(Task prompt):
Set down all of the entries below word for word, with the pictures left out.

(Task inputs):
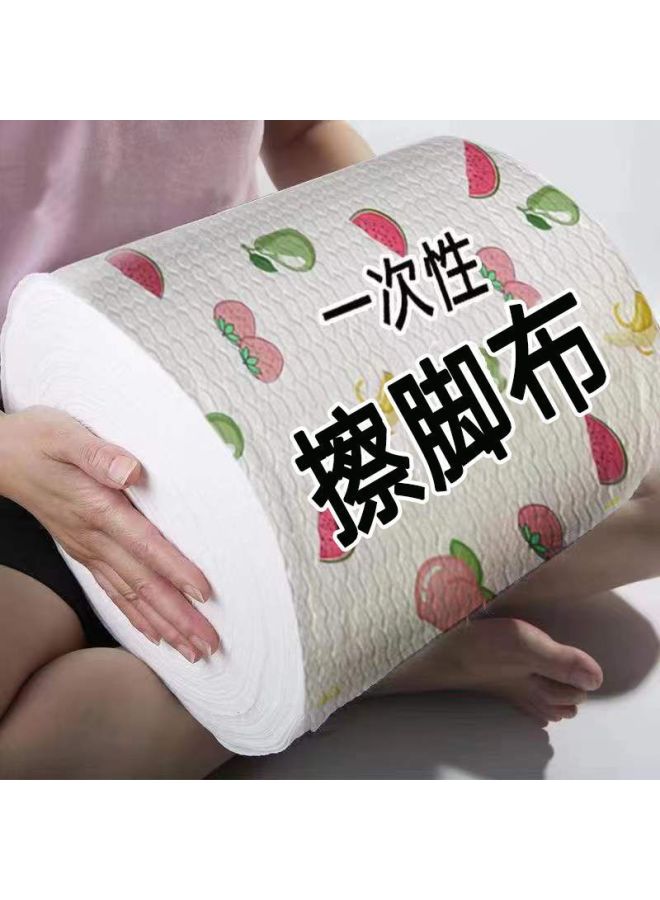 Generic Foot Wipe Special Disposable Foot Wash Towel Foot Wipe Cloth Disposable Thickened Foot Wash Cloth Internet Popular Cloth For Lazy People-Color:*/[enlarged And Thickened + Pattern] + 8 Times Water Absorption-Specifications:Extra Large Roll [use 400 Times] + Can Be Used Repeatedly  - Image 1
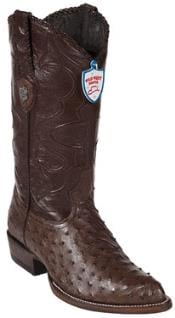  Wild West Brown Full Quill Ostrich Cowboy Boots - Botas De Avestruz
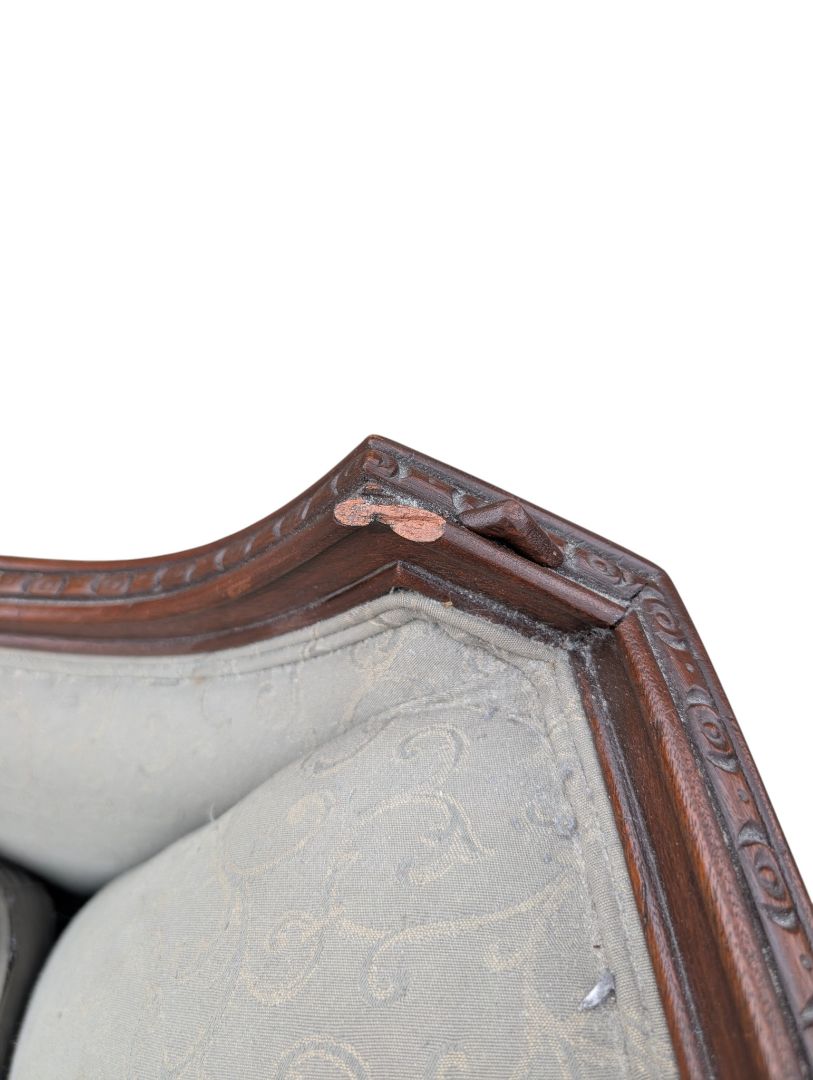 Traditional Carved Wood Frame Sofa with Light Damask Upholstery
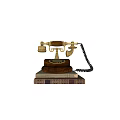 Vintage Telephone With Classic Brass Design Placed On Stack Of Old Books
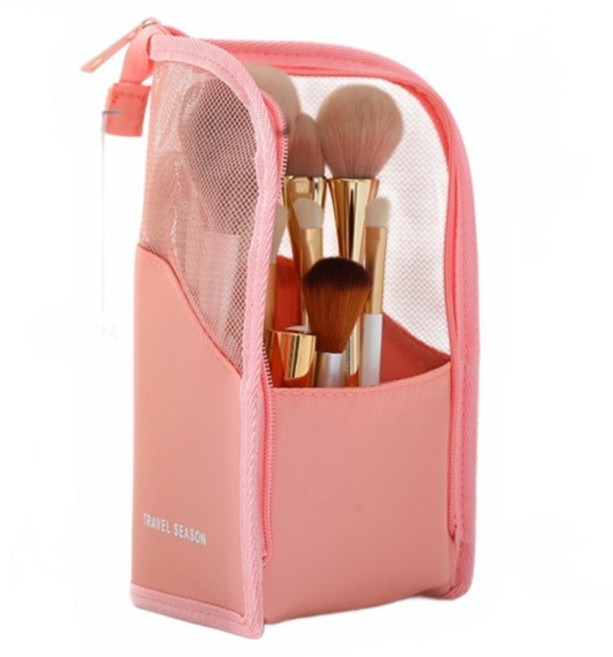포유리빙 휴대용 메이크업 화장품 브러쉬 파우치 FREE 13.5 x 13 x 24.5 cm, 1개, 02 핑크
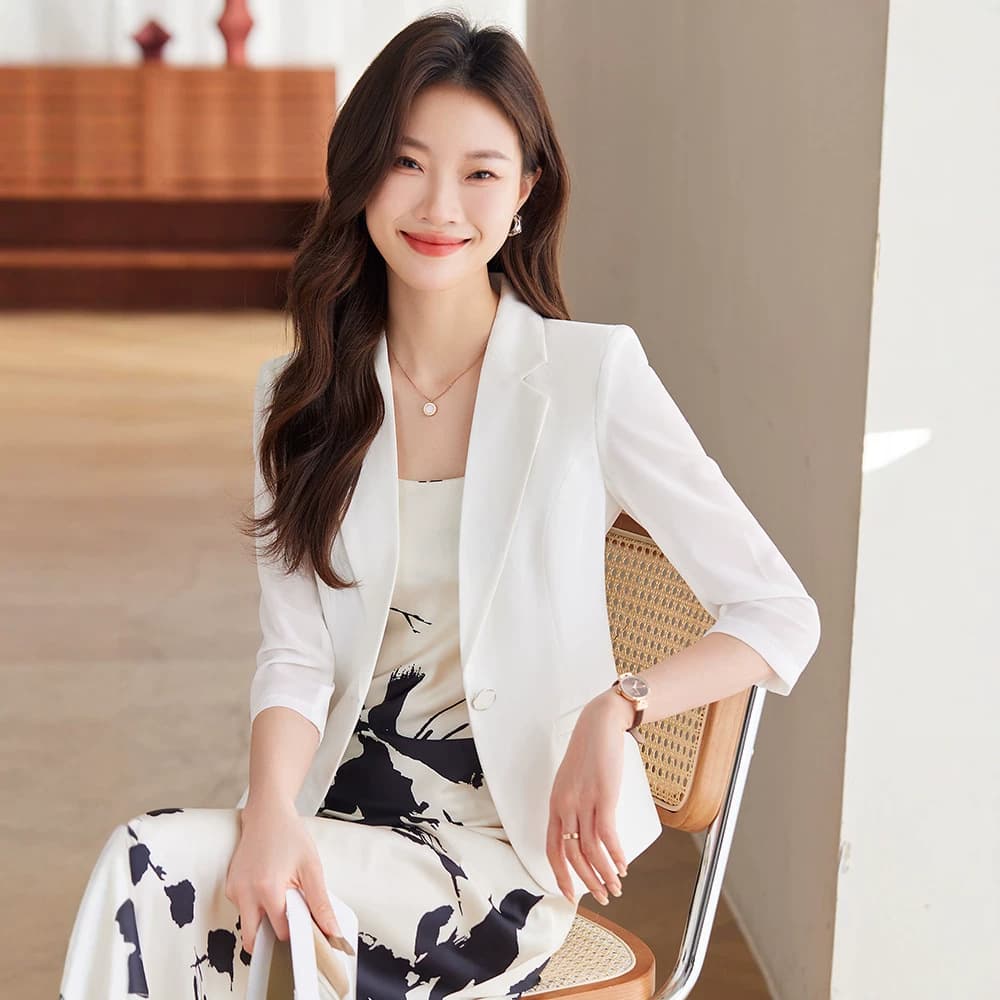 Slim Seven-Tenths Sleeve Blazer for Women 2026 New Summer High-End Short Chiffon Mesh Sleeve Suit Jacket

(Exercise response):
 Generic Foot Wipe Special Disposable Foot Wash Towel Foot Wipe Cloth Disposable Thickened Foot Wash Cloth Internet Popular Cloth For Lazy People-Color:*/[enlarged And Thickened + Pattern] + 8 Times Water Absorption-Specifications:Extra Large Roll [use 400 Times] + Can Be Used Repeatedly  - Image 1
  Wild West Brown Full Quill Ostrich Cowboy Boots - Botas De Avestruz
 Traditional Carved Wood Frame Sofa with Light Damask Upholstery
 Vintage Telephone With Classic Brass Design Placed On Stack Of Old Books
포유리빙 휴대용 메이크업 화장품 브러쉬 파우치 FREE 13.5 x 13 x 24.5 cm, 1개, 02 핑크
 Slim Seven-Tenths Sleeve Blazer for Women 2026 New Summer High-End Short Chiffon Mesh Sleeve Suit Jacket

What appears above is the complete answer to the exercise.